Seeking Greenlights: Yes
Page Type: SCP Article
Page Layout (Optional): I may decide to use ACS, not sure if that's considered a format screw anymore.
Elevator Pitch: Basically, it's about a woman who creates this anomalous shower that makes you switch languages so she can get revenge on her parents for not bothering to understand her. (There is probably gonna be a line in there indicating that she's doing this so nobody will be able to understand her parents just like they never understood her).
Central Narrative: Before we begin I'd like to stay that I incorporated lots of suggestions I got from critique on my last post, hence more backstory. It's going to start out as a run-of-the-mill skip… Basic containment procedures and a few test logs. The final test log results in a death due to neural overload which adds a dark twist (I might cut that out if people don't like it as it's not all too important to the story). Then the foundation tracks down the creator of the shower and we have two interview logs. First one makes it out to be the shower as a present for the woman's parents and that she didn't know anything was afoot. Second log revealed she's full of shit and that it was put together as a tool of revenge against her parents. The anomalous powers are due to a painting written inside the shower with 2 effects. The first is of course, the whole language thing.

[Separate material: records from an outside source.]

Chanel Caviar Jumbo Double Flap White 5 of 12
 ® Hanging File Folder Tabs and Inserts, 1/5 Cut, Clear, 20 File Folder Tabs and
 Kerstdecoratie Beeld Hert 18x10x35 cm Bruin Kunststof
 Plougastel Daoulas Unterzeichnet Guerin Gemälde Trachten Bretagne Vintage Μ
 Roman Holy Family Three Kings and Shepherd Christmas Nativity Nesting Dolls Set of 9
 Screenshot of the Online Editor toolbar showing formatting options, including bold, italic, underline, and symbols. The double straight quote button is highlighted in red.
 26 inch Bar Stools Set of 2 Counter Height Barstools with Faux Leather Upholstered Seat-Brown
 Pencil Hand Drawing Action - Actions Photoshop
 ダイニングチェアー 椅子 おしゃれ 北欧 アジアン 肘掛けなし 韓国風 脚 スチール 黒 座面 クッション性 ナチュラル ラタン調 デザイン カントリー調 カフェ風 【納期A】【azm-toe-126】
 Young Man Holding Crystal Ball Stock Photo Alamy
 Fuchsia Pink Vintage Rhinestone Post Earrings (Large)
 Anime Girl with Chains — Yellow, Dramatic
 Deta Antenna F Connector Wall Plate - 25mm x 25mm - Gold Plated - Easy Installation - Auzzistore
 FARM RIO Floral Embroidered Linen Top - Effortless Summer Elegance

The second is an antimemetic agent which makes you forget about the painting the instant effect A kicks in. The final line is going to tie in Are We Cool Yet as a mentor/accomplice to the Woman. (Probably something along the lines of "I just wanted to be cool").
Hook/Attention-Grabber: In my (possibly bias) opinion the whole language shower idea is already an interesting item, and that will propel the reader into the main story, with the Woman and her parents.
Additional Notes: This is a heavily revised version of an idea I posted here around 1 1/2 weeks ago. This story is also still relatively in it's infancy (I have a rough draft) and I would like Crit and green lights before writing it out with all the details. Don't pull any punches when it comes to Crit.
Extra Extra note: Sorry for the dupe thread that's probably sitting right below this one, I have found out how to edit the original :).